State law does not favor one sex over the other in awarding either conservatorship or possession. Each can be sole or jointly shared between the parents. While parties can agree to conservatorship rights and possession schedules, the court can also make its own decision based on the best interest of the children.
Courts consider a number of factors when evaluating a child’s best interest. These include, but are not limited to:
- Child’s physical, psychological, and emotional needs
- Parents’ ability to prioritize the child’s well-being
- Any instances of danger or neglect
- Cooperation between parents
- Stability of each home
- Past parental involvement, including who has been the primary caregiver
- Child’s wishes, if the child is age 12 or older
The Bitter Spouse
You and your spouse may seem to be sailing through the divorce process with ease, until your soon-to-be-ex learns you are dating and becomes angry or jealous. An upset spouse can challenge both conservatorship and possession, and turn what may have seemed to be an agreed-upon arrangement into a contested process.

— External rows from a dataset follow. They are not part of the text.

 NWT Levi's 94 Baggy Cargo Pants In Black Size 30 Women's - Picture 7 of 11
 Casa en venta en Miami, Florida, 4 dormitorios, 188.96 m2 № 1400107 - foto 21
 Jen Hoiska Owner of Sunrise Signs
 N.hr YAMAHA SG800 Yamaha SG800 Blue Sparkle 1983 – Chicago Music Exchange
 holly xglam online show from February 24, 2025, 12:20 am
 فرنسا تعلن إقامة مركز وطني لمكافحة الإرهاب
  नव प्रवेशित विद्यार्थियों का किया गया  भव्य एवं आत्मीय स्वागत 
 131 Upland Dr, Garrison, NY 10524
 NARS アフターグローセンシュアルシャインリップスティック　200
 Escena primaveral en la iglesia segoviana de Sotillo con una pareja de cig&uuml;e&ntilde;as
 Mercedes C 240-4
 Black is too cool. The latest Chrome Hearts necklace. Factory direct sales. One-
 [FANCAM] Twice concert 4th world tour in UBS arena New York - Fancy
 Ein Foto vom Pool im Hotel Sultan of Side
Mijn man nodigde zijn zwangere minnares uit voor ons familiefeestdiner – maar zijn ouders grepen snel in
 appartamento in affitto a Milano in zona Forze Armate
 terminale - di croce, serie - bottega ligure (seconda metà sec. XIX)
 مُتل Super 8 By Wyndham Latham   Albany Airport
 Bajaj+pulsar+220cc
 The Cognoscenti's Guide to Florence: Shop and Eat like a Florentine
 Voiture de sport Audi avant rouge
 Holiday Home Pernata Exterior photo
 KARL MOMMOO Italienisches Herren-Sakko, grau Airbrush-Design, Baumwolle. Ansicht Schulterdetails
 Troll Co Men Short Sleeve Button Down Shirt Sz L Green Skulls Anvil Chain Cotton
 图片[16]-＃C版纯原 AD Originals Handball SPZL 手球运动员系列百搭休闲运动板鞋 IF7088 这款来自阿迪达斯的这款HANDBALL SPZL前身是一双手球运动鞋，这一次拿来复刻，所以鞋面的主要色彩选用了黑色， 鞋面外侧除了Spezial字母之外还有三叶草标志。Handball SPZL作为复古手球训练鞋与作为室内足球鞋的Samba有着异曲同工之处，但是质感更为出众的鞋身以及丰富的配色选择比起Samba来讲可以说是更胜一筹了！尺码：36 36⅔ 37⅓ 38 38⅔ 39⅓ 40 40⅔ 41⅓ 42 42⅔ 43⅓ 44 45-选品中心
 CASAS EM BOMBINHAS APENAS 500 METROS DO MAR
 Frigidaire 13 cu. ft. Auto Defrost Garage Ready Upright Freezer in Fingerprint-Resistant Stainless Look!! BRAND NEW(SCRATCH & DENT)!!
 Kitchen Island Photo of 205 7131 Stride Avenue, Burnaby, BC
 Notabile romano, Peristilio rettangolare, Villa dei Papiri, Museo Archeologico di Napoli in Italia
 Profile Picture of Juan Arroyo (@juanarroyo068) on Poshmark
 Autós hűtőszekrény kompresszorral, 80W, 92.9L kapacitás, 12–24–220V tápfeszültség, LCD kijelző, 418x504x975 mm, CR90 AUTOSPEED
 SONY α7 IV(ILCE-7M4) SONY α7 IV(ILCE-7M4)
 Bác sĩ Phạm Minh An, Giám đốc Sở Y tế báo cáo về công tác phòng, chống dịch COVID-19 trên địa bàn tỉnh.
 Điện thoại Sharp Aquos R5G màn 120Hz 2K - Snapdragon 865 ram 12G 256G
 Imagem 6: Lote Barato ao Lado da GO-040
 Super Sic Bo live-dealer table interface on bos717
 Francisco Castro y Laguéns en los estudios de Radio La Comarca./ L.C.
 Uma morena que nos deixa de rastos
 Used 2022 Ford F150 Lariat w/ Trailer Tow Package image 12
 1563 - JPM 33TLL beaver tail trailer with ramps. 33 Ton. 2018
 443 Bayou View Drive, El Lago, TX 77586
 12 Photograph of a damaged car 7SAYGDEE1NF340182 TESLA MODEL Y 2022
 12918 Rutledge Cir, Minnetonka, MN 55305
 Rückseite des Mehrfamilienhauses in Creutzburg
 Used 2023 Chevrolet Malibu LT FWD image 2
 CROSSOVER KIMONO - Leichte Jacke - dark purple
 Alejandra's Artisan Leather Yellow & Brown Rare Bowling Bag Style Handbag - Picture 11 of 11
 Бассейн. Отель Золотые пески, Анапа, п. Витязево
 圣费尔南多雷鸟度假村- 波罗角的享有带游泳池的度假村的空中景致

In the eyes of your ex, and possibly those of the court, it may not be in the best interest of your child to introduce a new party during this emotionally difficult time. The new relationship could be seen as confusing for your child, particularly because romantic relationships begun during the divorce process often end up being temporary.
What Are Your Priorities?
Your judgment and priorities might be questioned: Are you putting your short-term satisfaction above the long-term best interests of your kids? Are you so involved in this new relationship that it is affecting your parenting? A relationship that causes you to spend less time with your children or to make decisions that negatively affect them could have an impact on custody outcomes.
If your new love at all endangered your child or has a past history of violence, you could be jeopardizing both custody and visitation rights. Same goes if your child witnessed your infidelity.
Your Child’s Opinion
Your spouse might not be the only one distressed by you dating someone else before the divorce is final. Your child might also be upset or troubled by your new relationship. Not only could your son or daughter see you as trying to quickly replace their other parent, but they might also feel neglected when you devote time and attention to a new love. Remember, the court considers your child’s emotional and psychological well-being along with their physical needs when evaluating custody.
In Texas, if your child is 12 years old or older, their preference matters. Your 12-year-old might decide they don’t want to live with you if it means dealing with your new suitor. The court will consider your child’s request and could end up granting their wishes.
Save the Dating for Later
While Texas law doesn’t specifically address dating during divorce, your best bet is to save the dating until the ink on your divorce decree is dry and avoid jeopardizing your custody or visitation rights. Remember, you are considered married until the divorce is final. Dating during the process could be considered adultery and factored into any custody decisions.
OUR DIVORCE ATTORNEYS CAN HELP WITH CUSTODY QUESTIONS
Divorce is challenging, but with Alexandra Geczi LLC, you are not alone. Our attorneys are here to help you discreetly navigate the process and protect your interests so that you can move forward into a bright, bold future. Contact us today at 214-974-4449.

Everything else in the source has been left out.